I heard the off-hand comment from a stranger in the convention center during the recent Virginia Annual Conference of the UMC. I only needed to take a look at his shirt, covered in rainbows, to get an idea of what he meant with his words. There were a lot of people like him this year, walking around making their thoughts/opinions/theologies known with clothing, words, and with particular votes.
A friend of mine described it as the “height of tribalism” in the UMC in which we are all constantly trying to make sure everyone else knows how we feel about everything.
Or, to put it another way, we want everyone to know whose side we are on.
It was also during the recent Annual Conference that I happened upon what appeared to be the end of a fight. Two women, of similar ages, were vehemently arguing with one another in the middle of a hallway with lots of finger pointing and eye-rolling. I started walking toward them preparing myself to separate them or, at the very least, try to mediate but then one of the women said to the other. “You’re free to have your opinion, but so am I, and you’re wrong.” And with that she promptly turned around and walked away.
“For freedom Christ has set us free,” says St. Paul. And we love our freedom. We love being able to say, do, and believe just about whatever we want without anyone interfering. We spend a lot of time talking about freedom whether its in the cultural ethos, Sunday worship, or in national holidays.
Freedom is who we are.
And yet, freedom implies that we have been freed from something and for something.
In the US we talk about being freed from tyranny, or being freed from oppressive rules about religious observance or non-observance.

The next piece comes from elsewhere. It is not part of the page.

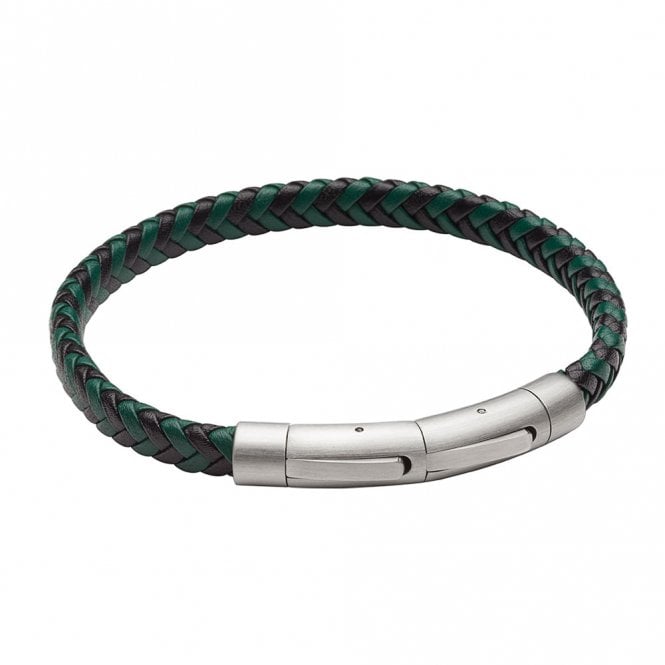 Stainless Steel and Leather Bracelet by Fred Bennett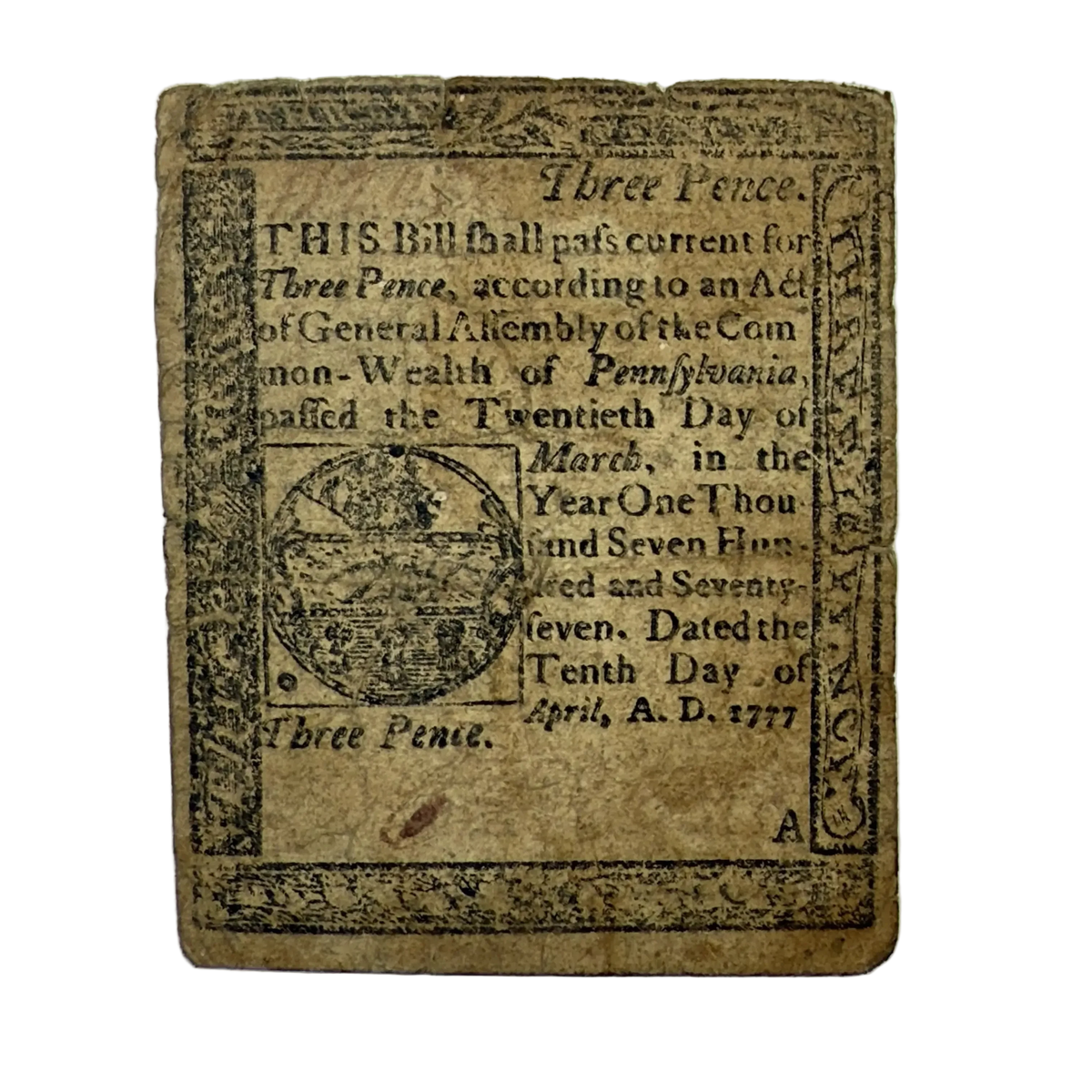 Colonial currency — Pennsylvania — April 10, 1777 — Three Pence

And all of that is true. But that’s not necessarily the same kind of freedom that’s at the heart of the gospel.
Paul says, “For freedom Christ has set us free.” And in the next verse he continues his thought in a way that most of us would rather ignore: “For you were called to freedom, brothers and sisters; only do not use your freedom as an opportunity for self-indulgence, but through love become slaves to one another.”
In the church today, we are so often obsessed with freedom that we forget that we’ve been freed from sin and death in order that we might become slaves to one another. And, at times, we are onboard with this theological project so long as we can be slaves to the people we like, or the people we agree with, and the people who look like us.
But what about the other people?
What about the people whose shirts, and bumper stickers, and votes go against our own?
Can we walk away from them or are we chained to them through the love of Christ?